- [Data to process]:

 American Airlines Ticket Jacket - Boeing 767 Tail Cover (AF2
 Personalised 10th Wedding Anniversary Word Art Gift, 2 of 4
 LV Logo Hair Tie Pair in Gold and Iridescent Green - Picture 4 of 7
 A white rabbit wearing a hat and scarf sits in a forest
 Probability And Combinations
==
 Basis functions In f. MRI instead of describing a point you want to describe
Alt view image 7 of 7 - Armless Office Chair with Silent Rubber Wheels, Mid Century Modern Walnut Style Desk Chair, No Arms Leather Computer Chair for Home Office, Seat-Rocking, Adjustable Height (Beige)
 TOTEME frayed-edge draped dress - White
==
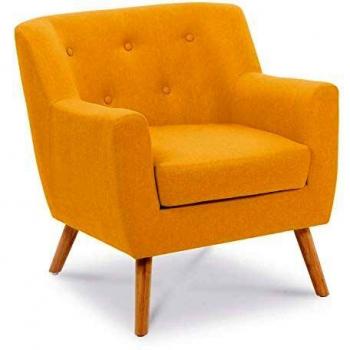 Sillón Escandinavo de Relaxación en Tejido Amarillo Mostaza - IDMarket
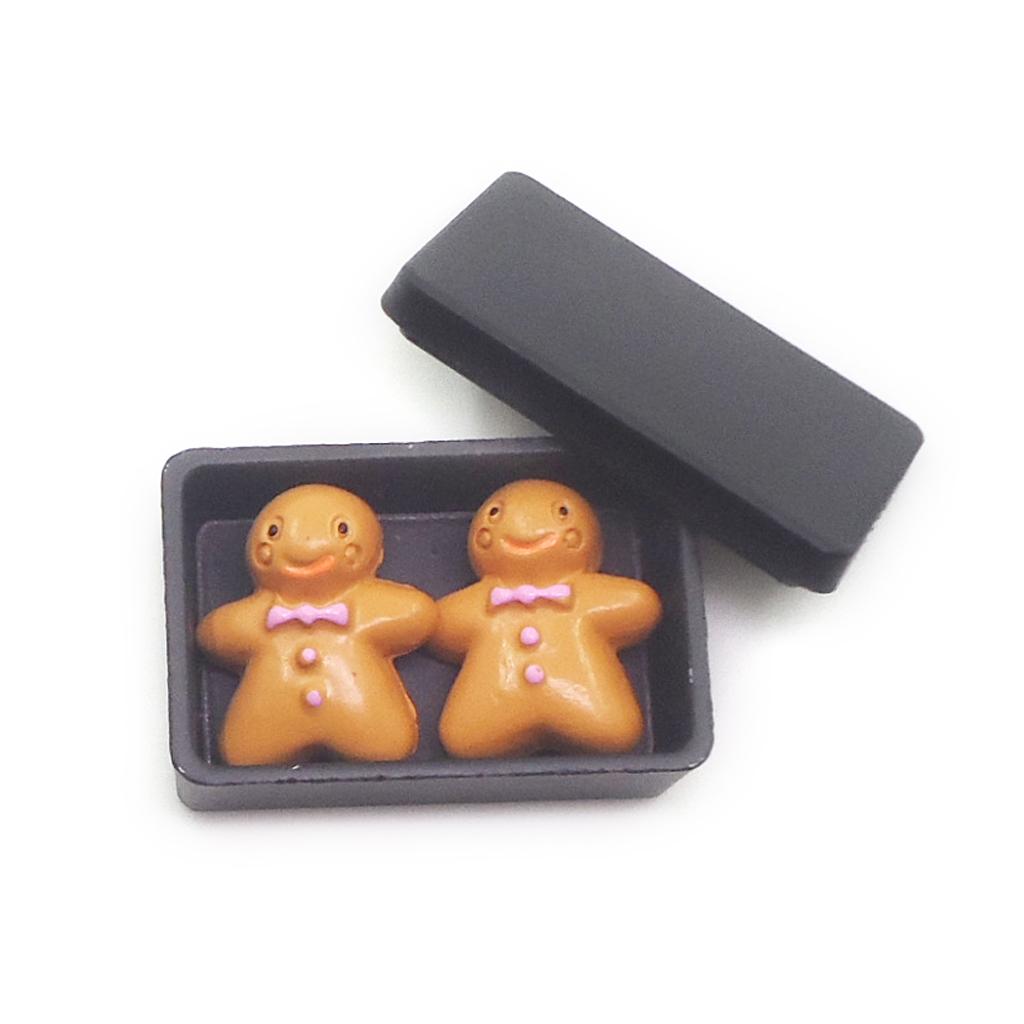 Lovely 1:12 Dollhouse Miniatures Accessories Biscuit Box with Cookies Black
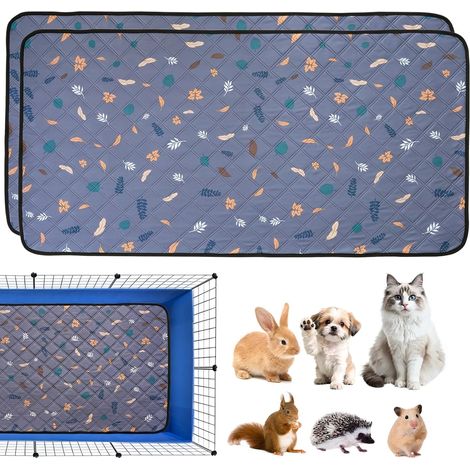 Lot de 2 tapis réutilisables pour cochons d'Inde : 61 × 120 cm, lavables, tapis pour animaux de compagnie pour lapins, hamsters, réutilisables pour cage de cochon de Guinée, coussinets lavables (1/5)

- [How to complete this task]: Copy only this part of the entries above: the line with "American Airlines Ticket", the line with "Probability And Combinations", and the lines between, all exactly as written.

- [Answer area]:
 American Airlines Ticket Jacket - Boeing 767 Tail Cover (AF2
 Personalised 10th Wedding Anniversary Word Art Gift, 2 of 4
 LV Logo Hair Tie Pair in Gold and Iridescent Green - Picture 4 of 7
 A white rabbit wearing a hat and scarf sits in a forest
 Probability And Combinations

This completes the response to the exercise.